The Glasshouse by Hector Parsons Part 2

Shall we go back to the glasshouse? Shall we? Why not? Its been ages. Its been years. Surely not years, surely its only been months. I wonder if we’ll find anything? Like that bra. You’ll never find anything as good as that. Wow that was a good day. So was that. Do you think that wall is still there? Lets go. Lets go. Just once. Come on. Lets go. Lets go this way. Do remember when we had to walk all the way round there because we didn’t want my Mum and Dad to see us? And we used to come through here so fast like make-believe planes. I remember. Do you remember the deer? That awful deer, thrashing around. Poor thing. I can’t believe we never got hurt or anything, can you?
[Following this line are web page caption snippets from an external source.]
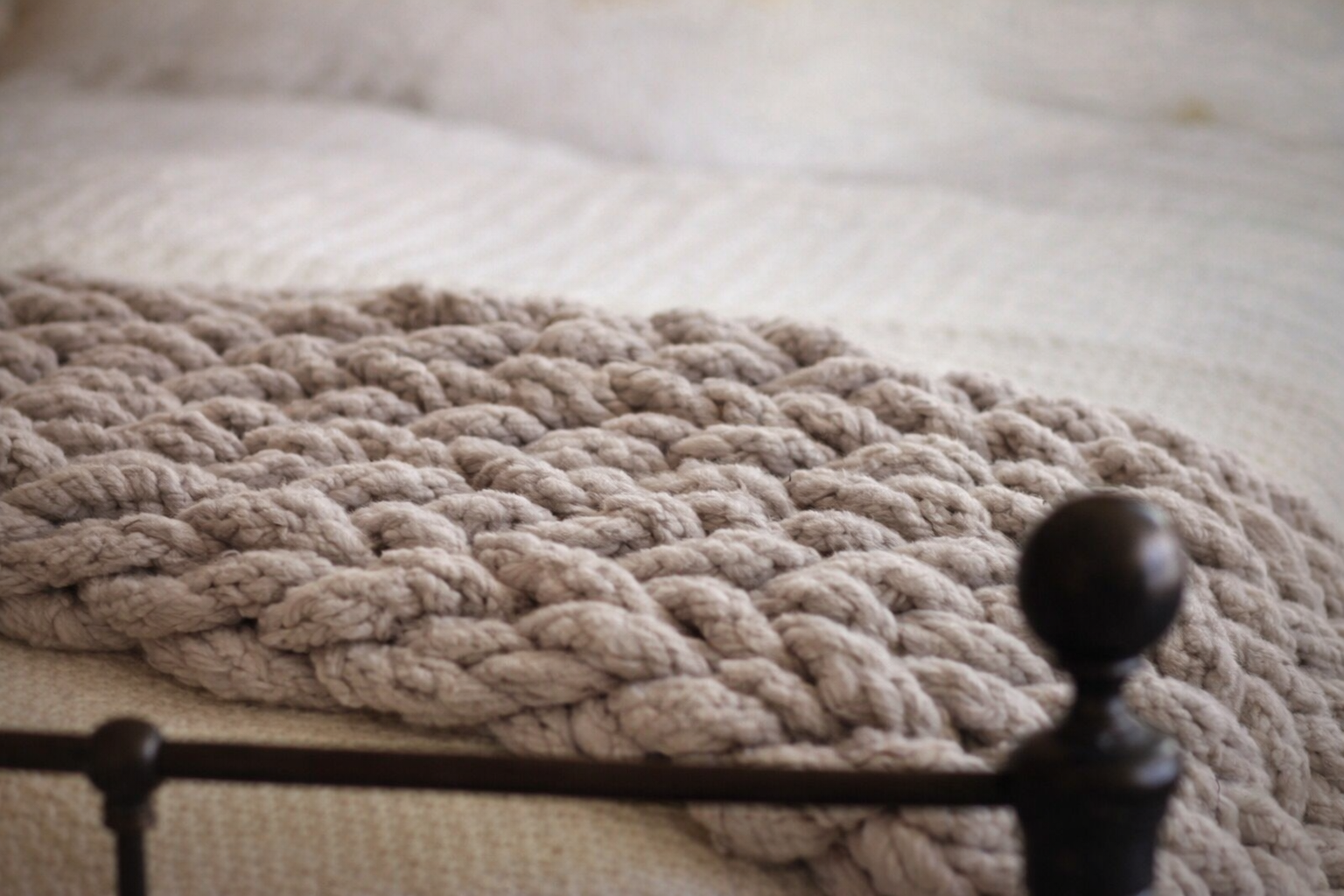 Taupe chunky chenille knit blanket 60x80 styled on neutral bed styling. taupe knitted blanket on a black metal bed frame
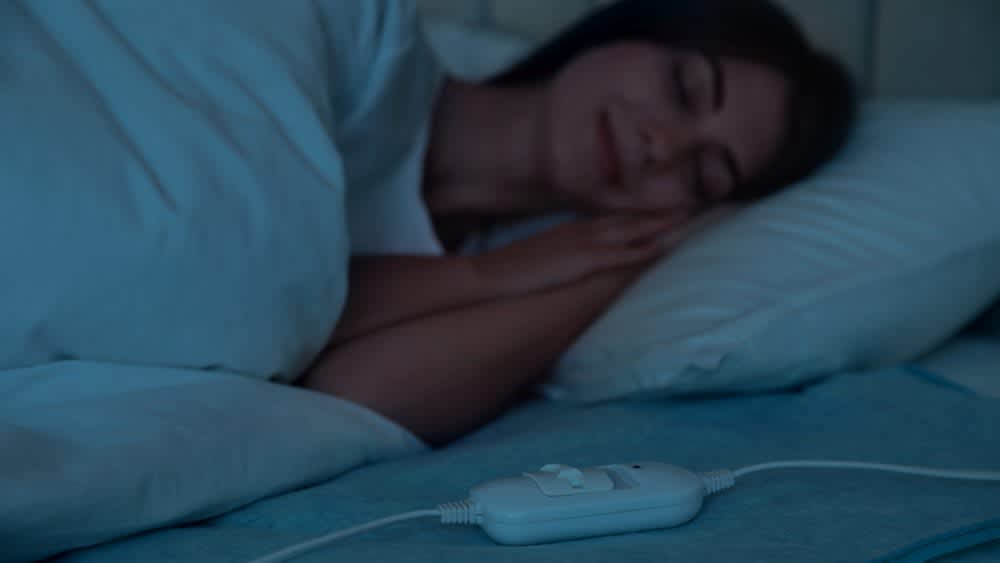Frau schläft mit Heizdecke Fernbedienung im Vordergrund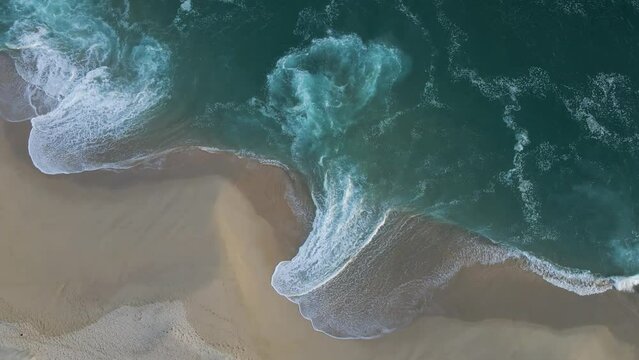 Aerial view of waves breaking on the shoreline at Playa del Divorcio, Cabo San Lucas, Baja California, Mexico.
We went back to the same sunlight that the nuns had left. And we did it all again. Broken laughter cut the air and shards of glass were thrown carefully through the trees. There were half-smiles when they smashed. Then someone suggested that we climb the old trees. We started to climb ironically, each of us wrapped around a trunk like ivy, inching further towards the sun. We were not talking but the silent conversation of competition was punctuated by the odd grunt of exertion, or the sharp crack as a misplaced foot broke off a misread branch. We got higher and higher. We held on tight, the moss against our cheeks and climbed and climbed, branch after branch. At first, we were together, but the gaps between us were expanding. One by one, they stopped. I left them dangling and shouting on the trunks below. I left the glasshouse and my friends far behind me. I never found if the last wall ever fell under our weight. If it did, I was not there to hear it. I kept climbing higher. I climbed above the wings of the fighter planes that were shooting through the treetops. Above the radio signals and the giggling and the shouts of my friends; above the houses and the streets; above the cities far away; above the broken mirrors; above the roots and the foundations. I nearly broke through the canopy that washed over my head like a wave. I climbed up towards the light, with my feet on branches that were getting thinner. The light grew brighter. I climbed higher.

Until, quietly, I fell.

I fell through the canopy of leaves, down through the branches. Down to the radios and the roots and my friends; and my fall and I were broken by a bed of glass.